There are no words more closely associated with the making of movies than Lights – Camera – Action. And while there is so much goes into the making of a great film; the script, the acting, the directing, the costumes and make-up, the set design, and the special effects; it is the often-overlooked lighting effects that can be the real scene-stealers.
Photo © Karen Foley – Dreamstime
We may not think much about lighting in film, after all when it’s done right it appears effortless. But when you watch a movie closely, you cannot miss how great lighting techniques add to the overall quality of the film, sets the mood for a scene, or helps to highlight key elements of the plot.
Fortunately, the techniques for cinematic lighting are fairly straightforward, and once understood and practiced, can easily be incorporated into whatever footage you want to shoot.
Use the right kind light
There are two main designations for light: hard or soft.
Photo © Jruffa – Dreamstime
Hard light, also called direct light, it light directly from a source that strikes the subject unfiltered – think of a light from a flash, or a bright glaring sunlight. This light produces sharp shadows and contrasts. Hard light is useful to produce stark conditions like the blazing sun in a desert, or to create dramatic shadows to emphasize facial features roughened with time.

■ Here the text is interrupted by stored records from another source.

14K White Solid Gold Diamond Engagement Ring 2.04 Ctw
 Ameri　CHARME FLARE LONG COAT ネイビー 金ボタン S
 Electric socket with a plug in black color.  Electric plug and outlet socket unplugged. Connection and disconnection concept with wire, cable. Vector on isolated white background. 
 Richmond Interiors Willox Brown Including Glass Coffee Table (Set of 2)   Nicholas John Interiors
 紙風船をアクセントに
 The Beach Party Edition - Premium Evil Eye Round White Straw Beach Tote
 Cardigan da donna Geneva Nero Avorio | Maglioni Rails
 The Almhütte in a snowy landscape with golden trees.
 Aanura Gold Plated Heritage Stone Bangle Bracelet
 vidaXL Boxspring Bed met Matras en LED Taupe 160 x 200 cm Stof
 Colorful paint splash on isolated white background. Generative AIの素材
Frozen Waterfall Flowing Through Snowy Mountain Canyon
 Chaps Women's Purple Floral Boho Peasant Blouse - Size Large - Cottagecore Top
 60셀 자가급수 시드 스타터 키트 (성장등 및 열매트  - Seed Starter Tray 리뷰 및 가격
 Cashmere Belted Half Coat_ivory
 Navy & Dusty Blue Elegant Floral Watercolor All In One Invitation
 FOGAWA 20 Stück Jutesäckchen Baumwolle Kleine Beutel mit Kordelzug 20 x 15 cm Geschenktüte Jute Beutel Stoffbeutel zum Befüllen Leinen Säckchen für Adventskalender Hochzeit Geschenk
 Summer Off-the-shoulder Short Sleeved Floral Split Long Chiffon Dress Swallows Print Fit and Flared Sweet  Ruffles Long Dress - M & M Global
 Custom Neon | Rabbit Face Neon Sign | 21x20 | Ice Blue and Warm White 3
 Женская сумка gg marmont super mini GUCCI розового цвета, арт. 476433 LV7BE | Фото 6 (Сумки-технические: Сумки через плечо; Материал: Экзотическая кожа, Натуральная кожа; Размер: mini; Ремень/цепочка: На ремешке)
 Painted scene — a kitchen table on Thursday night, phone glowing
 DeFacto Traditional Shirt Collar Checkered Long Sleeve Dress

Soft light, or diffused light, is light that has been scattered before it reaches the subject – like sunlight filtered through clouds or a light bounced off a reflective white surface. This light produces less contrast and fewer harsh shadows. Soft light is more appropriate for romantic scenes, or in creating an angelic setting or tone.
Highlight the Subject
Use light to emphasize the subject of the photo. Viewers’ eyes will naturally be drawn to the best-lit areas of a scene first. Use your strongest, main light to highlight the element or elements of a scene you want to have the most emphasis.
Photo © Everett Collection Inc. – Dreamstime
Add depth of field
Next add fill lights to help achieve a 3-dimensional effect in a 2-dimensional medium. Add lights to elements in the foreground, middle ground and background to differentiate the three planes. Add edge lighting to elements to help separate them from other object in the scene.
Go low or high key
Light can also induce a mood or tone in a picture.
High key lighting is a technique to reduce the lighting ratio – or the amount of contrast from bright to dim of the lights used – resulting in the loss of shadows and a smoothly lit scene. The use of high key lighting produces an upbeat, angelic, or other worldliness feel.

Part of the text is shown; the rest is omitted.